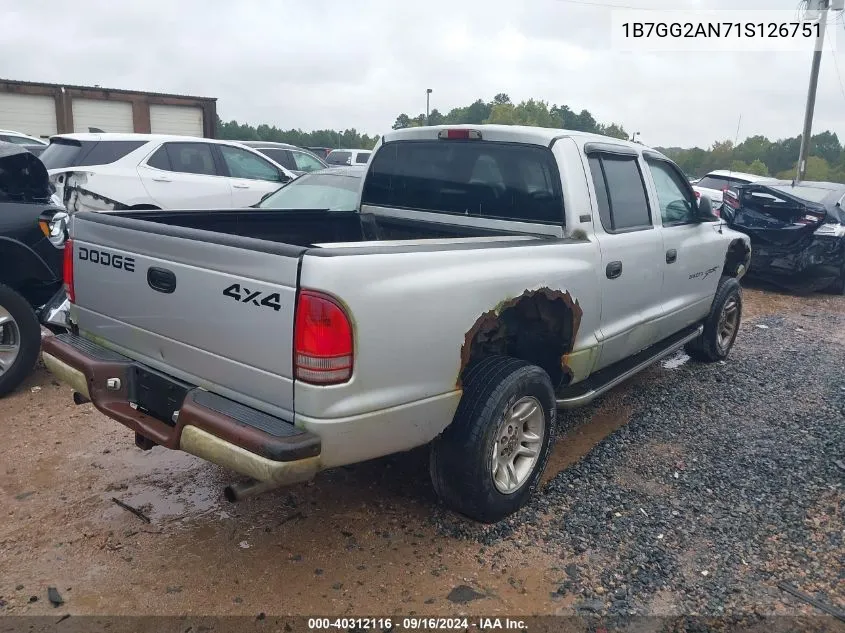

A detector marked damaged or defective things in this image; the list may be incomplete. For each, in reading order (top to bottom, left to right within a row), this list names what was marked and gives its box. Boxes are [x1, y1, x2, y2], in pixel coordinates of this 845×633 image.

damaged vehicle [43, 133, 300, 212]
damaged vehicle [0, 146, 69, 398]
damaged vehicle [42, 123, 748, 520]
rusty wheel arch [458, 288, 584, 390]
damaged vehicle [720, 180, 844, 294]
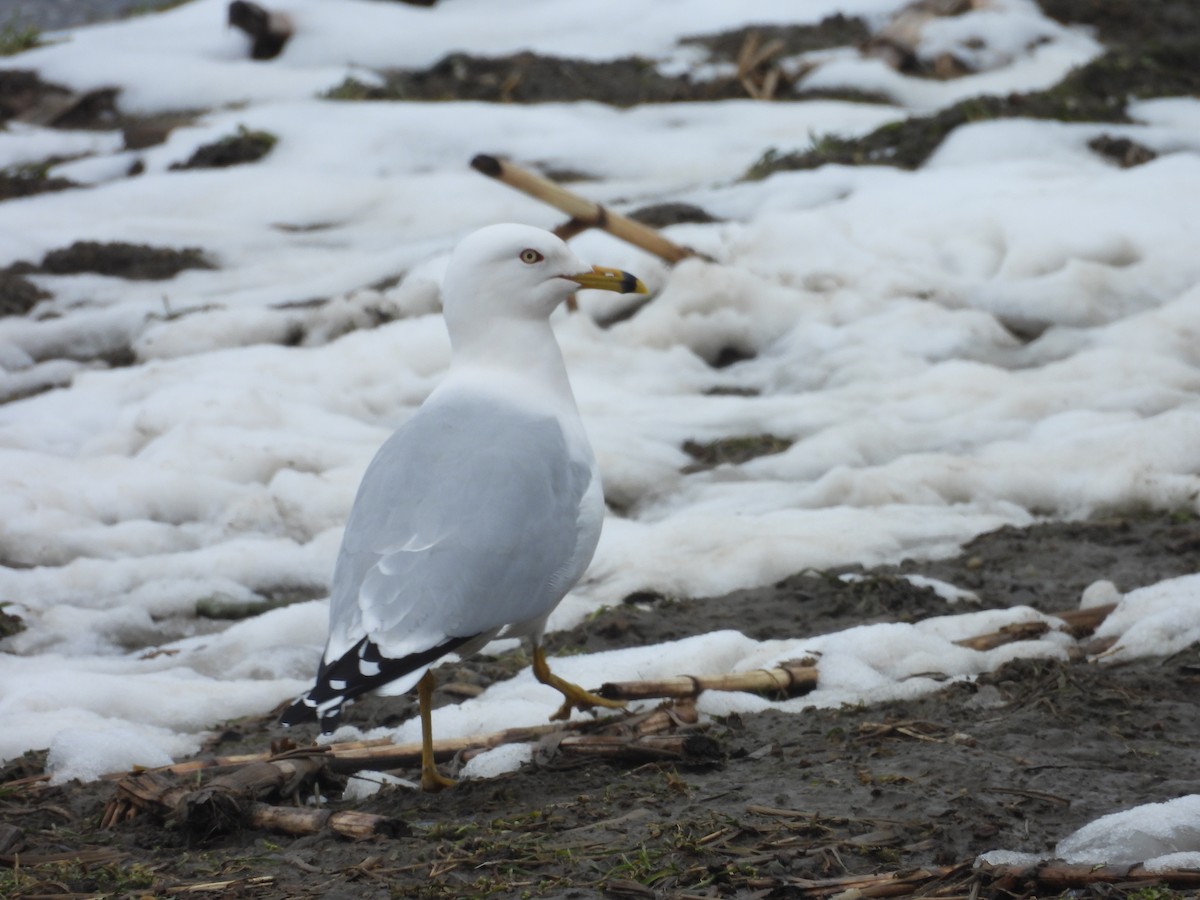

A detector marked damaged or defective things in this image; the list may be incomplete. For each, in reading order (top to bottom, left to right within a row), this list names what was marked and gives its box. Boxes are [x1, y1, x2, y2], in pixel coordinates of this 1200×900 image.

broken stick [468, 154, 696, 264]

§ §

Exercise objective:
The expected output is the run of lines from the one holding "this 1200×900 image." to the last line of the entries above, each reproduced character for character.

Solution to the exercise:
A detector marked damaged or defective things in this image; the list may be incomplete. For each, in reading order (top to bottom, left to right within a row), this list names what was marked and gives its box. Boxes are [x1, y1, x2, y2], in pixel coordinates of this 1200×900 image.

broken stick [468, 154, 696, 264]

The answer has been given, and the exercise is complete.